People planning for the future in ZIP code 10007, where the proposed Cordoba House Islamic center in lower Manhattan would be built, know many other things about the neighborhood’s inhabitants, thanks to the 2000 U.S. Census. There were 3,522 inhabitants, 375 of whom identified as Asian and five as American Indian or Alaska native. Eight families and 134 individuals lived below the poverty line. Similar information will be available soon from this year’s census. But because of the law, no one knows how many Muslims live in the area.

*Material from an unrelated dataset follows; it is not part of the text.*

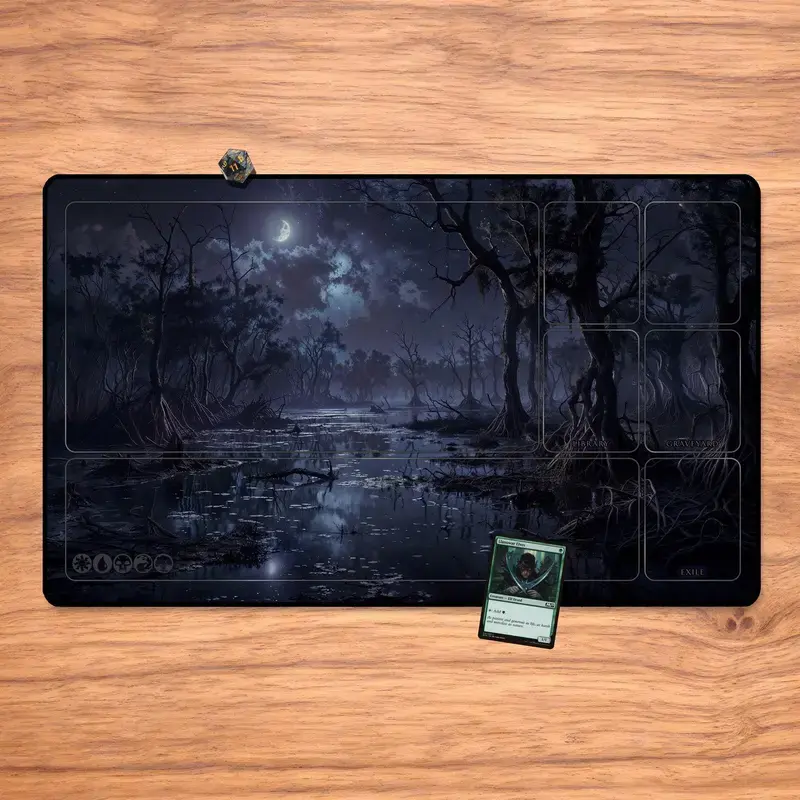 MTG Playmat: Dark Swamp with Zones & Labels Magic The Gathering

In the late 1950s and again in 1976, Americans debated the possibility of including such a question in the 1980 census at public meetings organized by the Census Bureau, according to a history prepared by the Pew Forum. But the Census director at the time, Vincent P. Barabba, decided to exclude such a question, out of fear that including it would lead to a controversy over the separation of church and state, which could impede the bureau’s work. Later that year Congress passed a law prohibiting mandatory questions about religion.
“It’s a tough tradeoff,” said Barabba, who is now retired. “You want to collect everything that’s of interest in society. [However,] you want to be careful about which ones you ask.” Describing his position at the time, he said the key question was, “What’s the value of the information, and what’s the cost relative to how it might affect other information?”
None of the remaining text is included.